Unit 1012 Cover Photo

Friday, March 4, 2016


            Jillian Johnson will always be remembered by Unit 1012. As she was born on March 4, 1982, we will remember her on her birthday and treasure the precious memories of her life on earth.

"So long as we live, they too shall live and love for they are a part of us as we remember them."
- Gates of Prayer


Jillian Johnson
(March 4, 1982 to July 23, 2015)

Jillian Johnson Obituary

Date of Birth:
Thursday, March 4th, 1982

Date of Death:
Thursday, July 23rd, 2015

Funeral Home:
1011 Bertrand Drive

A Celebration of Life will be held on Monday, July 27, 2015 at 12:30pm in the Delhomme Chapel of the Flowers for Jillian Johnson, 33. Reverend John Wamsley will conduct the Services.

Jillian Johnson, who made a name for herself as one of South Louisiana’s most gifted and beloved creative professionals, and who was at the forefront of the region’s cultural and artistic renaissance, passed away on Thursday, July 23, 2015. She leaves behind a legacy of beautiful artwork and design, brilliant and meaningful entrepreneurship, civic advocacy, and timeless song. For all of those who knew and loved her, she was the model of a life well lived.

Jillian was born in Lafayette, Louisiana, with deep family roots in Cajun Country. She lived in Nashville, TN, between 1988 and 2002, when she moved back to attend the University of Louisiana at Lafayette, from which she graduated with a Bachelor’s Degree of Fine Arts in Ceramics.

Even before graduating college, she was fearlessly independent and business-minded, and her involvement in the Louisiana music scene began when she took over as a manager and booking agent for the Cajun swing outfit, The Red Stick Ramblers.

Soon, she was managing other local bands, in addition to designing websites, compact discs, and posters, for a rapidly growing list of grateful clients. She quickly became the most sought after resource for a wide range of people and businesses looking to convey their message to the public in a way that was artistic, beautiful, and meaningful. In the process, she became instrumental in shaping and driving the sensibility and voice of an entire generation of creative individuals in the region.

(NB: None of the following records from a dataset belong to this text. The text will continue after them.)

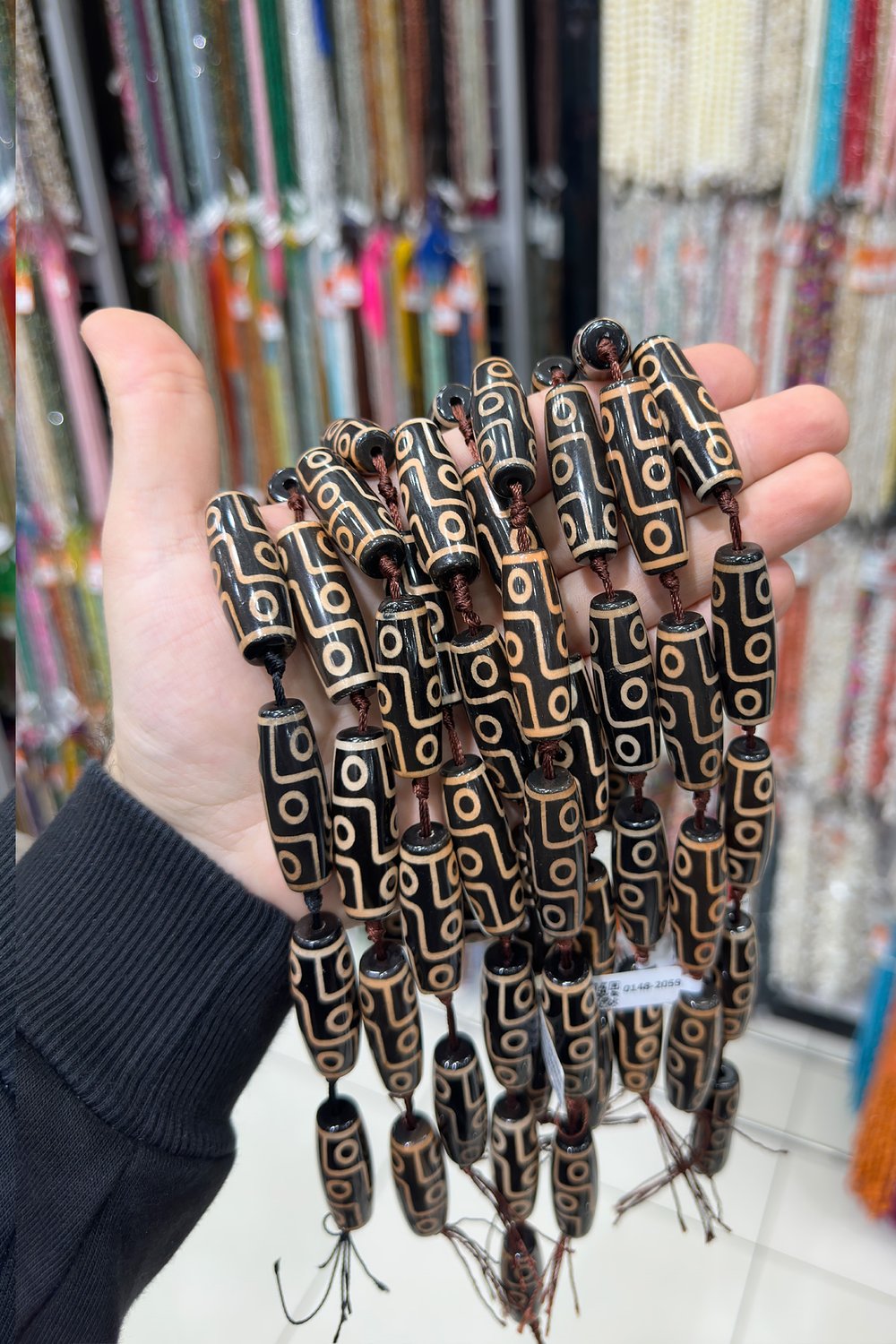 Tibet Akik Taşı Silindir Kesim Parlak Siyah Turuncu 14x40mm Doğal Taş Dizi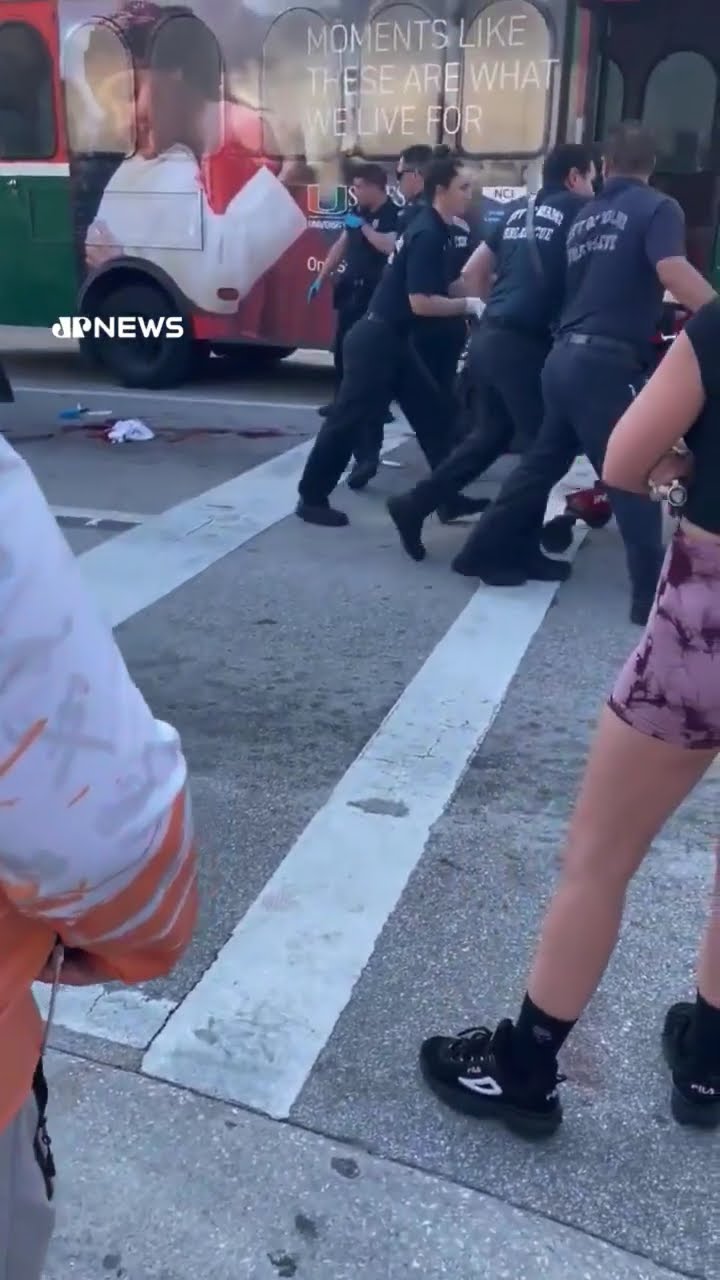 Suspeito é preso após passageiro de bonde ser fatalmente esfaqueado em Miami #Shorts
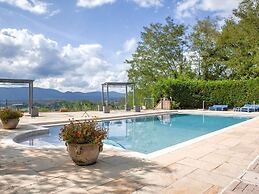 Nice Apartment in Pian di Sco-campiglia With Sauna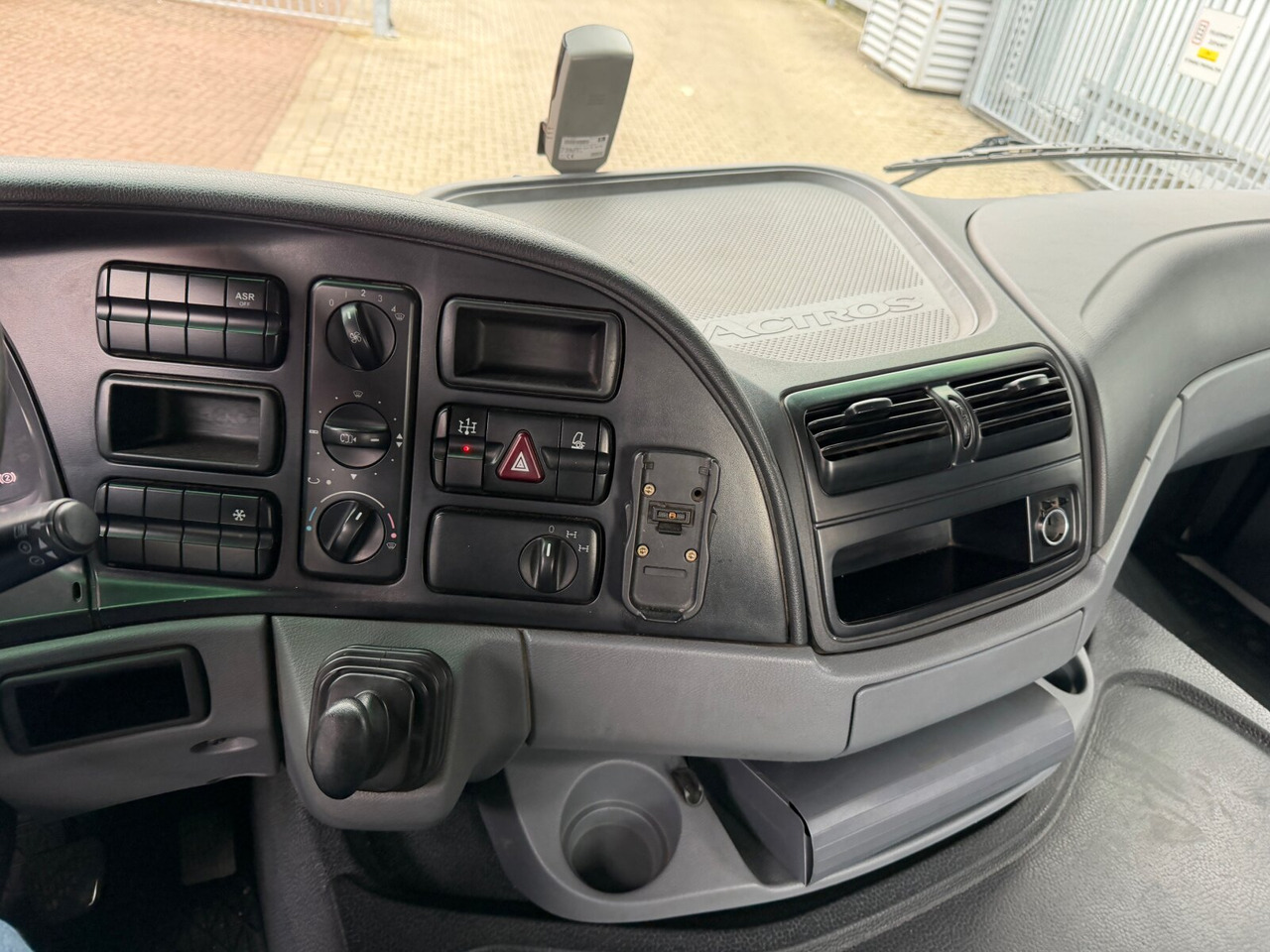 Mercedes-Benz Actros 2641 6x4 Actros 2641 6x4 - Haakarmsysteem vrachtwagen: afbeelding 3 Mercedes-Benz Actros 2641 6x4 Actros 2641 6x4 - Haakarmsysteem vrachtwagen: afbeelding 3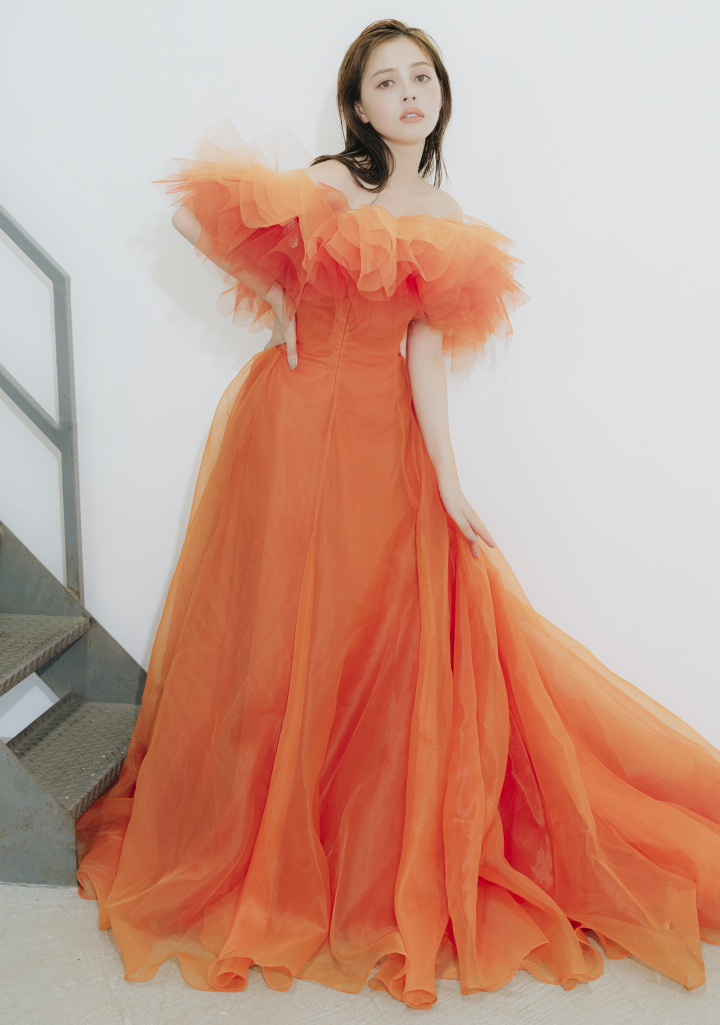 オレンジのドレス
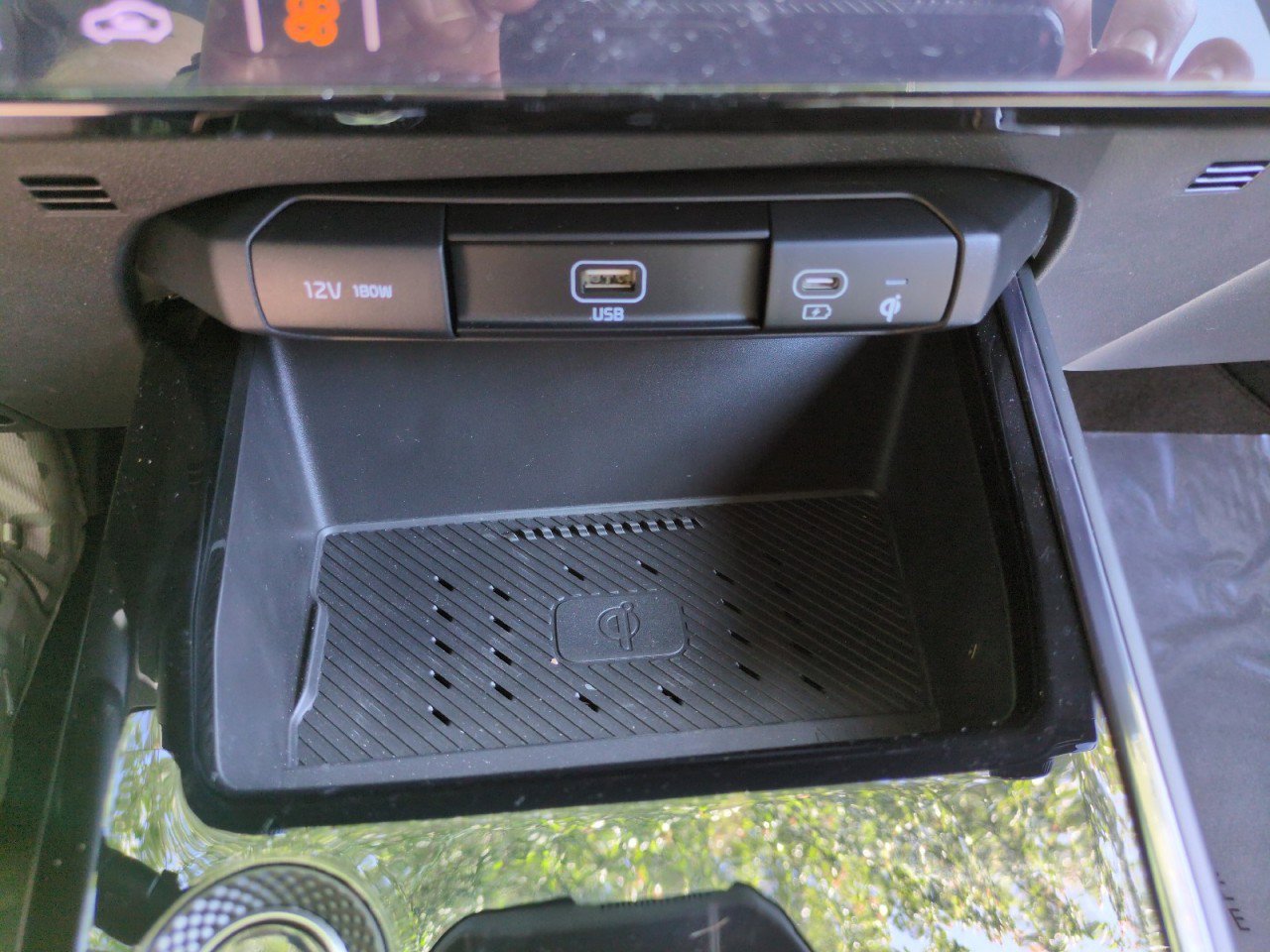 New 2026 Kia Niro EX FWD image 32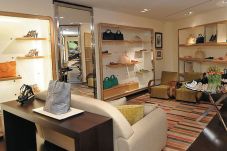 Tods Turun Harga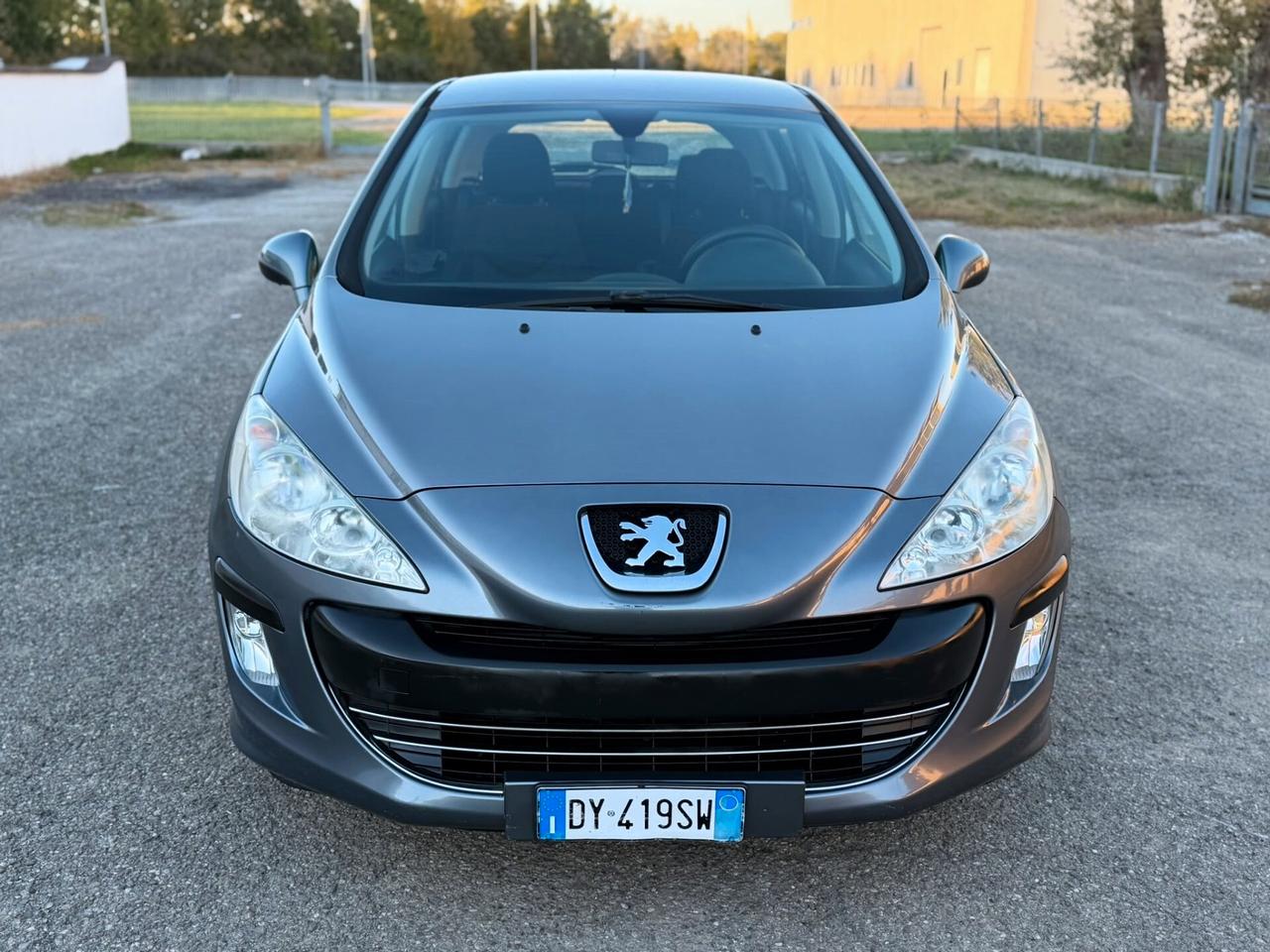 Peugeot 308 1.6 HDi 90CV NEOPATENTATI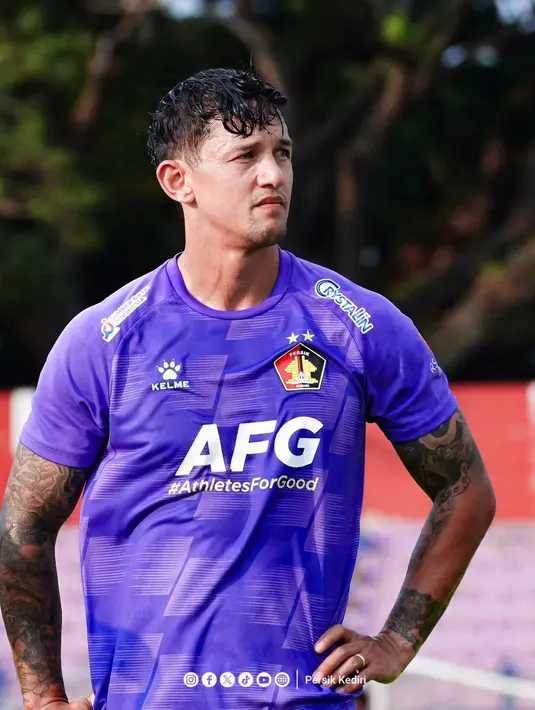 Kabar itu dibagikan Jennifer dengan potret mesra bersama sang suami. Perempuan berdarah bule itu juga memberikan penyemangat untuk sang suami. [Instagram/persikfcofficial]
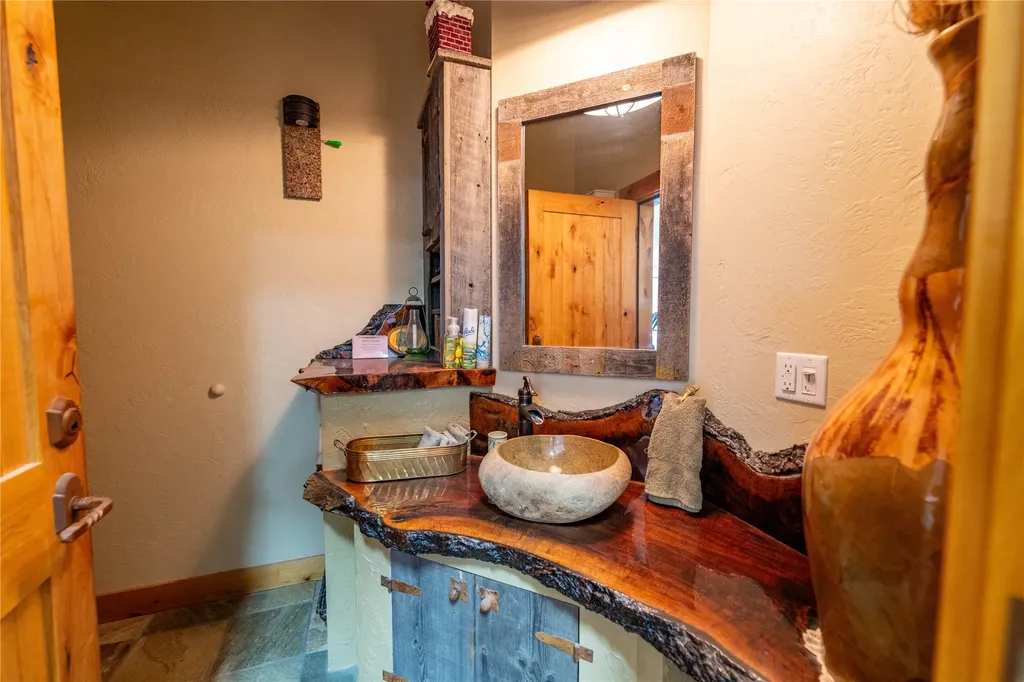 4832 Lake Creek Road Troy MT 59935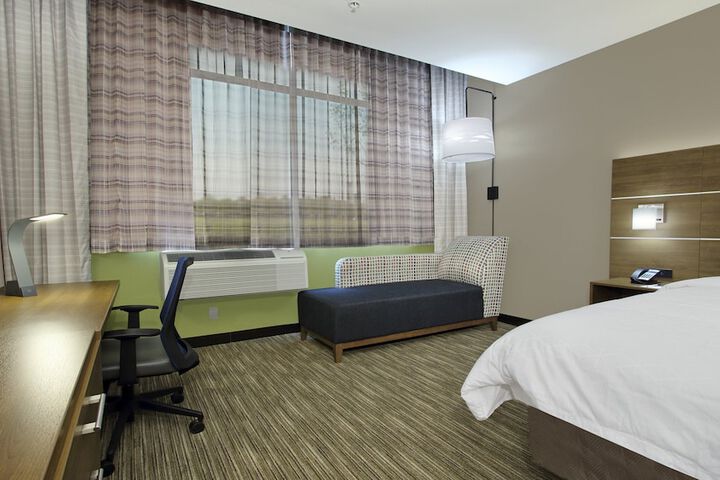 Holiday Inn Express & Suites Dallas-Frisco NW Toyota Stdm by IHG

In addition to her celebrated work in music and art and business, she was a prominent civic advocate, and she played seminal roles in developing the neighborhood improvement group, TownFolk, as well as the Acadiana Food Circle.

Above all, she was a beloved wife, mother, sister, daughter, and friend. She and her husband Jason met in 2009 when he became her neighbor. From that moment, they were inseparable, and they married in 2013. Together, they started a new life and a new business, Red Arrow Workshop. With her beloved brother Bram and business partner Tom Brown, she founded Parish Ink, focusing on items that reflected the region’s cultural pride and identity. She loved her step-daughter Paxton deeply. She also adored her two poodles, Knives and Vega, who became the popular stars of her Instagram posts.

Jillian was a beacon of integrity, creativity, diligence, and love to all who knew her. She had a wicked sense of humor mixed with a warm, graceful, and regal presence. She was loved by all, and she will not soon be forgotten.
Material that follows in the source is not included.